Le conte populaire constitue une forme narrative qui a une place à part à côté du conte merveilleux, du conte humoristique et du conte légendaire. Il ne s’agit nullement d’une catégorie générique derrière laquelle se rangeraient les genres narratifs précités ainsi que l’affirment certains chercheurs, car c’est la nature des événements et des péripéties tout autant que la qualité des héros et les finalités poursuivies qui déterminent le genre de tel ou tel conte. Du moins est-ce là la conclusion à laquelle l’auteur estime avoir abouti sur la base de l’approche fonctionnelle qui définit la fonction et la finalité du conte, tout en s’appuyant sur la lecture thématique qui se fonde sur le sujet du conte et sur la méthode morphologique qui met l’accent sur sa structure interne. La conjugaison de ces approches a permis à l’auteur de décrire et de classer les différents types de contes populaires. En fait, la question de la terminologie n’a pas encore été tranchée : certains continuent à appeler ces récits contes oraux plutôt que contes populaires, d’autres les rangent dans la catégorie des récits argumentatifs ou des récits légendaires. 

De façon générale, la littérature populaire – dont fait partie le conte – a un caractère plus ‘’démocratique’’ que la littérature écrite car elle diffuse l’information et l’expérience auprès du public sans la moindre discrimination, contrairement à l’écrit qui exige l’accès à la lecture, excluant de fait une partie importante de la société.

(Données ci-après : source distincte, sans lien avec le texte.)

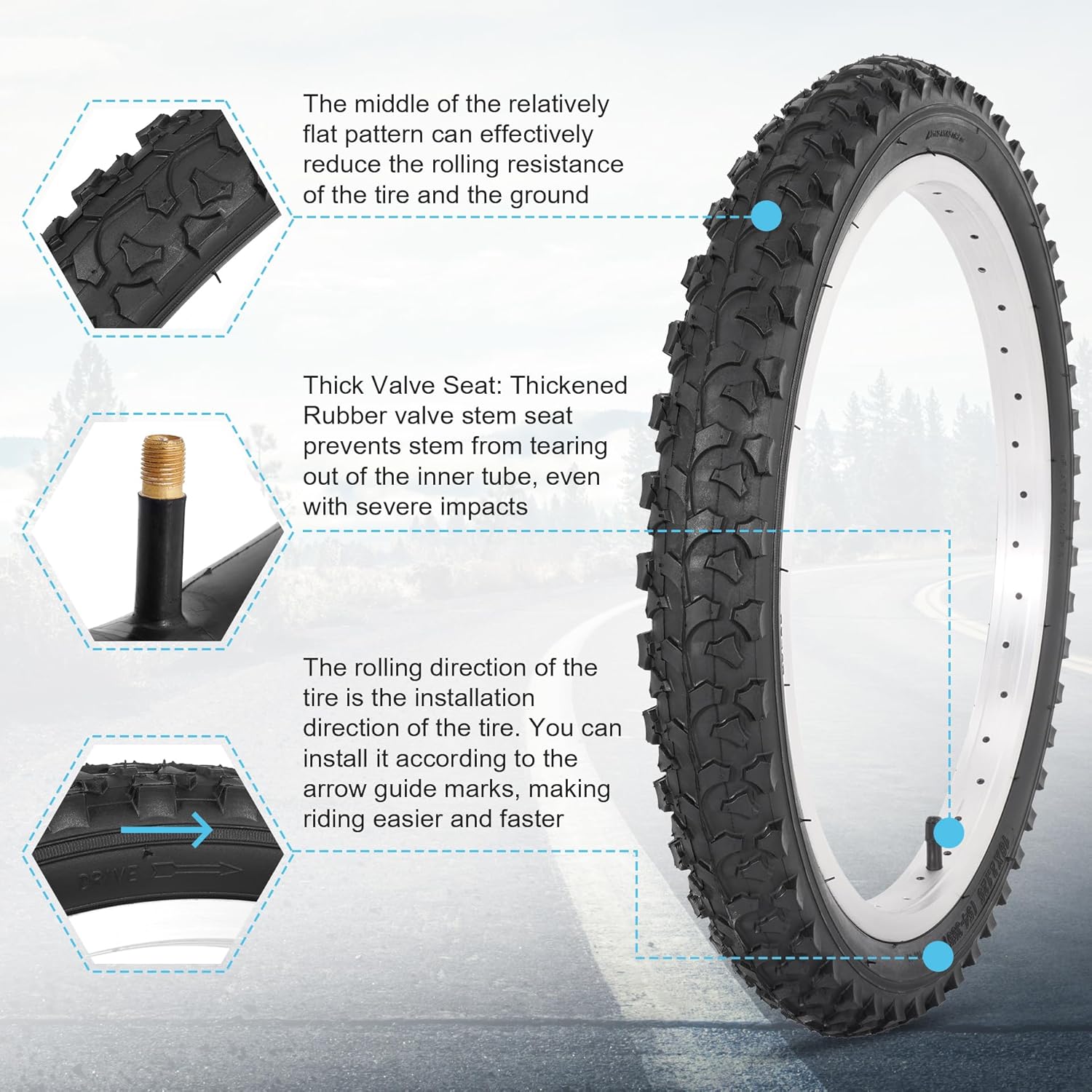 RUTU 18x1.95/2.125 Folding Bike Tires Inner Tubes with AV Straight Valve Foldable Bicycle Tire Set 50-355 for MTB Road BMX Bicycles E-Bike Mountain Bikes 2-Pack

Le conte populaire se caractérise, en premier lieu, par sa diffusion orale dans les milieux populaires. N’étant pas fixé à l’intérieur d’une forme écrite, ce type de récit est constamment exposé à des ajouts et à des suppressions au gré du contexte et de l’expérience des conteurs. C’est donc un récit en perpétuelle métamorphose. Ce conte est, en deuxième lieu, l’œuvre d’un auteur inconnu ou d’un récitant qui nous transmet un récit qui est à la fois la propriété de tous  et de personne. Le conte populaire est, en troisième lieu, dans son principe lié à la parole et c’est pourquoi il est au fondement d’une ère qui fut celle de l’écoute attentive, contrairement à l’ère de l’image dans laquelle nous vivons et qui se base sur le spectacle et la vision. Il a, en quatrième lieu, un lien étroit avec les grands-mères et les mères, terreau fécond pour l’activité de la raison féminine.

L’auteur s’interroge, au terme de cette réflexion, sur les racines du conte populaire. S’agit-il de mythes qui se sont modifiés avec le temps ? Ou d’adaptations et de recompositions des textes fondateurs de la littérature populaire, comme Les Mille et une nuits, Kalilah et Dimnah, le récit de Hay ibn Yqdhân, celui de Seïf ibn Dhi Yazin et d’autres textes narratifs du même type ? Ou encore, tout simplement, de récits tissés par l’imaginaire populaire autour d’un événement ou d’une valeur éthique que les aïeux ont transmis aux générations suivantes ? Que dire, d’autre part, de la normativité dont le conte est porteur : n’éloigne-t-elle pas le récepteur de la réalité et n’opère-t-elle pas comme une drogue dans la mesure où l’on y voit toujours le faible qui triomphe du fort et le bien du mal ? Si, d’autre part, le conte populaire représente une des sources importantes de la littérature pour enfants pourquoi est-il totalement absent des programmes scolaires ? S’agit-il d’une exclusion voulue ou involontaire, sachant, par ailleurs, que l’enfant qui s’approprie ce type de récit développe le don de la parole en continu, et peut dès lors accéder au langage et à l’essence du texte narratif qu’il soit maghrébin ou universel. De même, le conte n’est-il pas de nature à atténuer l’énorme stress induit par la mondialisation ?

Ces réflexions représentent une somme d’interrogations que l’auteur se propose d’aborder dans le cadre d’une nouvelle étude.